Hügelkultur literally “hill culture” in German. The process gets this name because it results in a plant bed that is a mound or like a small hill. This type of garden bed becomes self-fertilizing and naturally retains water during dry spells.
The process starts with digging a trench, or in my case clearing a raised bed. After digging out all the dirt from the raised bed, I filled it with hard wood oak logs and smaller hard wood trimmings. I used oak since I had a tree cut down recently and kept all the wood. Then more layers of other organic material were added above the wood. Often this is straw or other dead plant material from weeding. I used compost from one of my compost containers. I added some straw and other old grass clippings. The nitrogen in the compost and grass clippings will hasten the decomposition of the wood. I added other older plant trimmings from bushes on top of that. I then added a layer of green grass timings. On top of this I put all the dirt back in. Lastly, I watered this all down.
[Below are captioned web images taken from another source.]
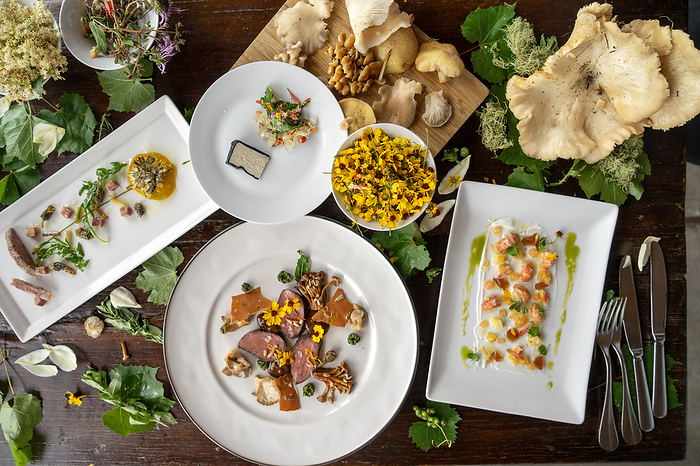 Overhead view of foraged ingredients and a plated dish on table, by Cavan Images / Mark Lipczynski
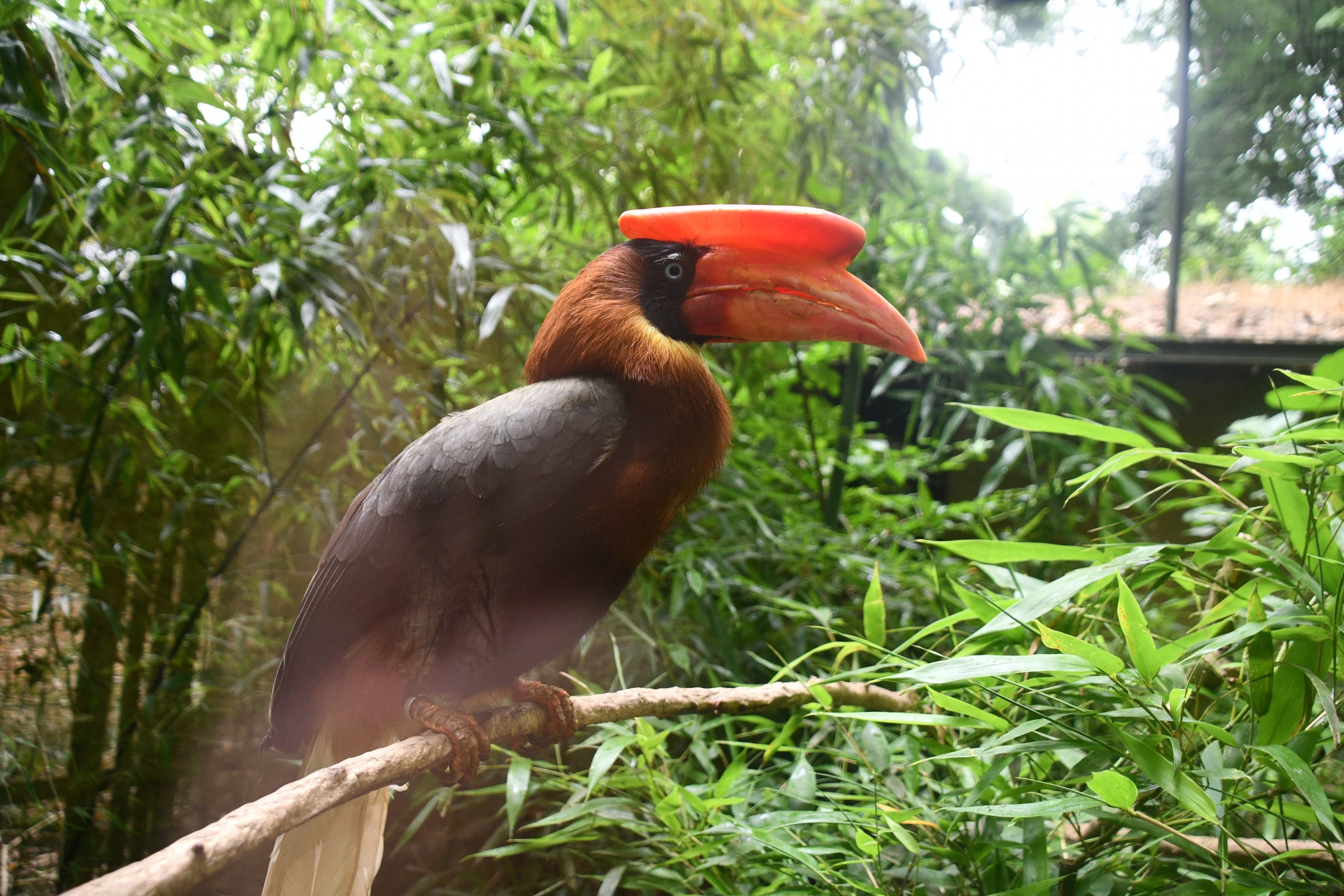 Rufous Hornbill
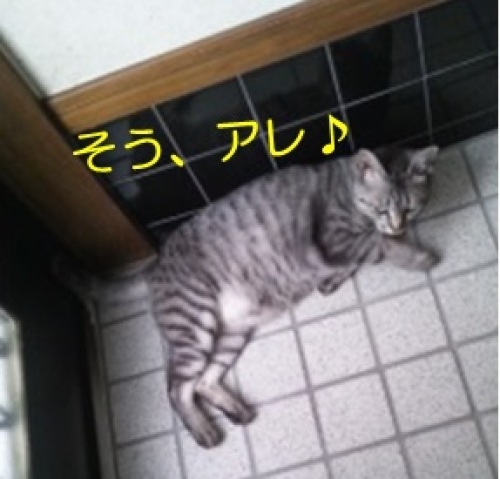20130810_5.jpg
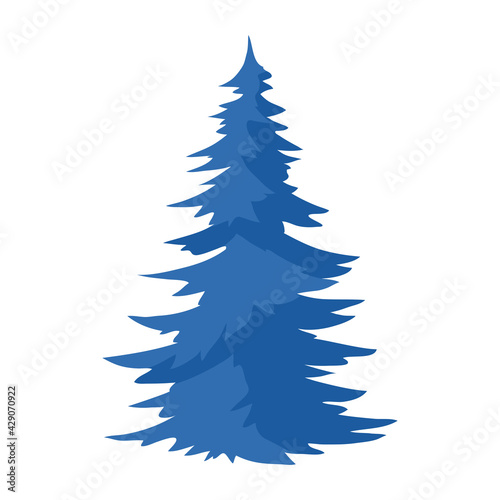 Illustration of spruce. Natural icon of blue tree.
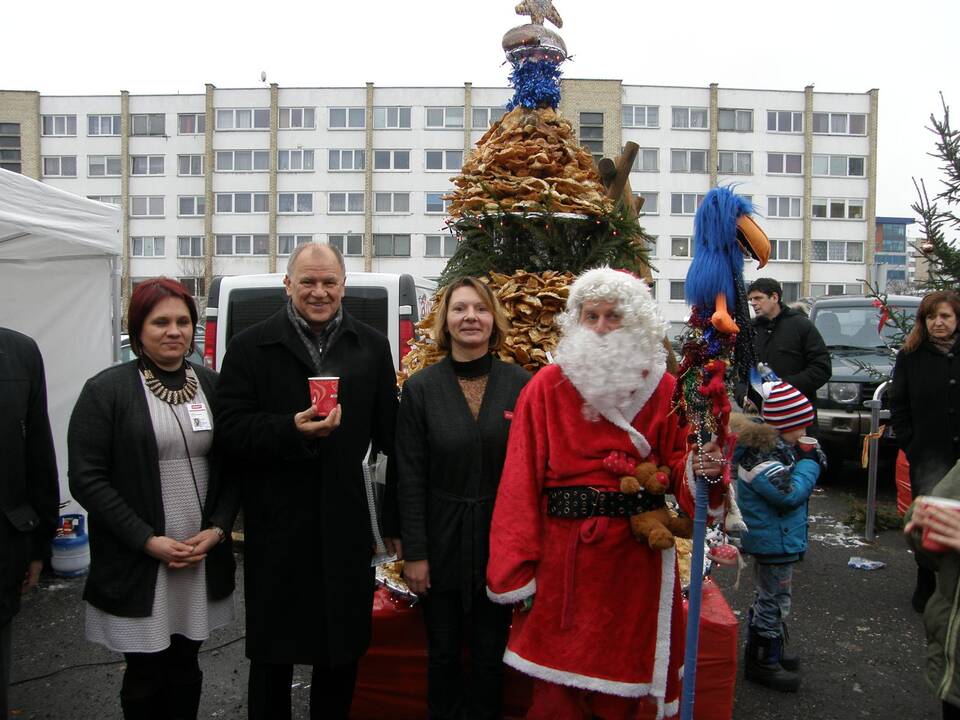 Trijų metrų žagarėlių eglutė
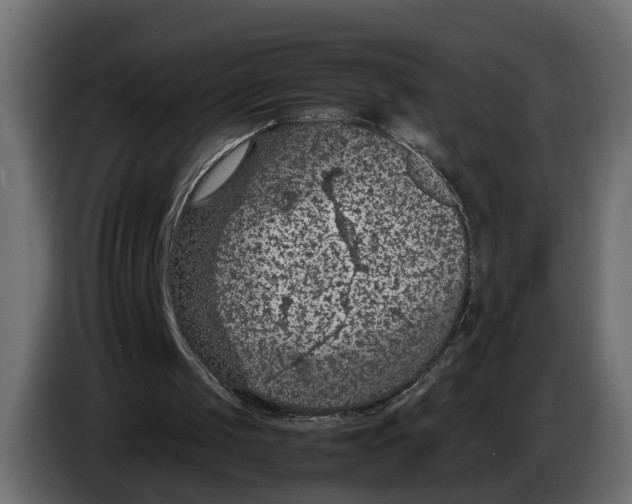 X0000083580049200703021827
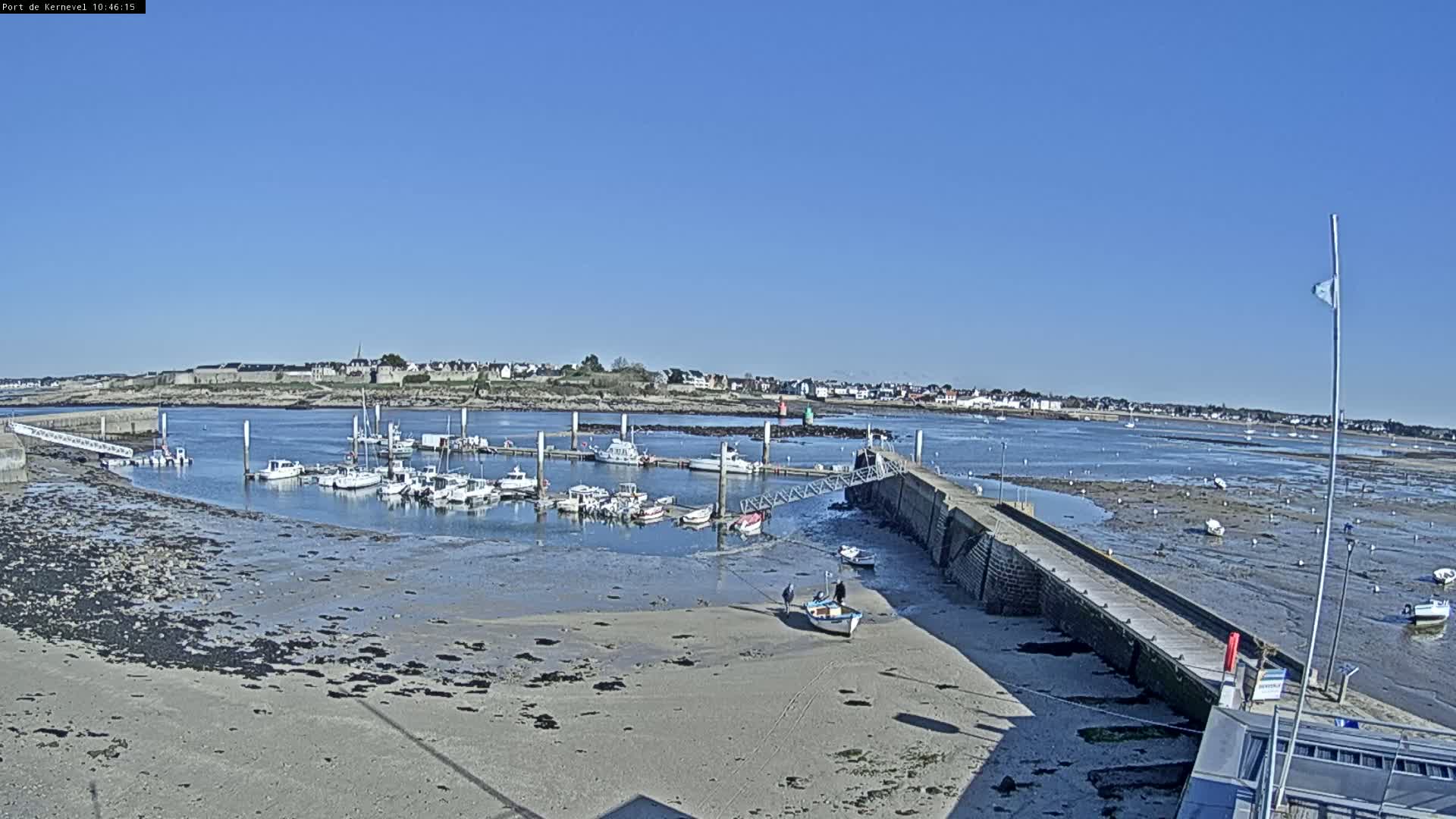 A small harbor with numerous boats docked, under a clear blue sky, shows exposed mudflats at low tide.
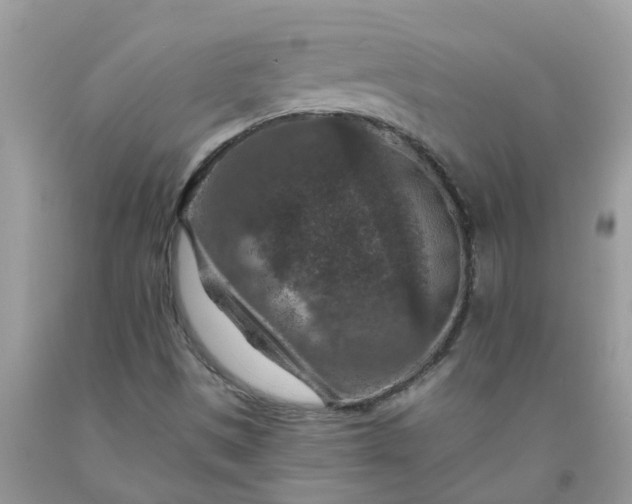 X0000091691497200709061114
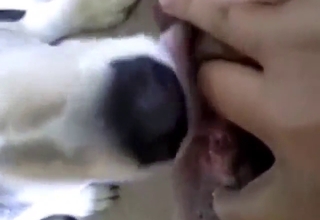 White dog pleasing a zoophilic cunt up close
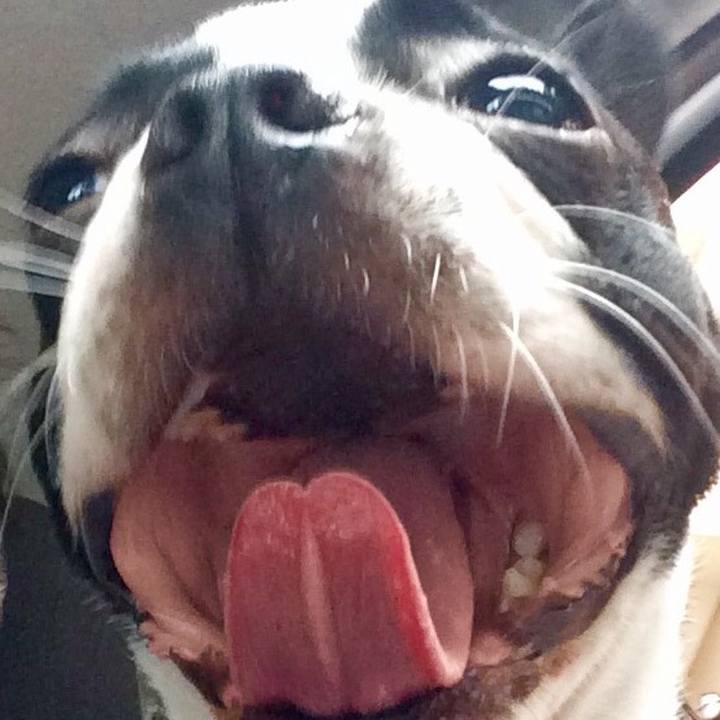 5482e928 9935 4d81 8def c7cadf4dcd51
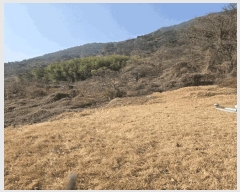  2025Ÿ10146 泲 â â ϸ ̸ 139     (1)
As the wood decays it will soften and hold water. This will help the bed stay moist during times of little rain. It will reduce the amount I need to irrigate the bed. Also, the wood will begin to release nitrogen back into the dirt and restore what is lost through gardening.
So now we have a finished raised bed using the hügelkultur process. I am looking forward to testing this bed over the years to see how well it does compared to regular raised beds.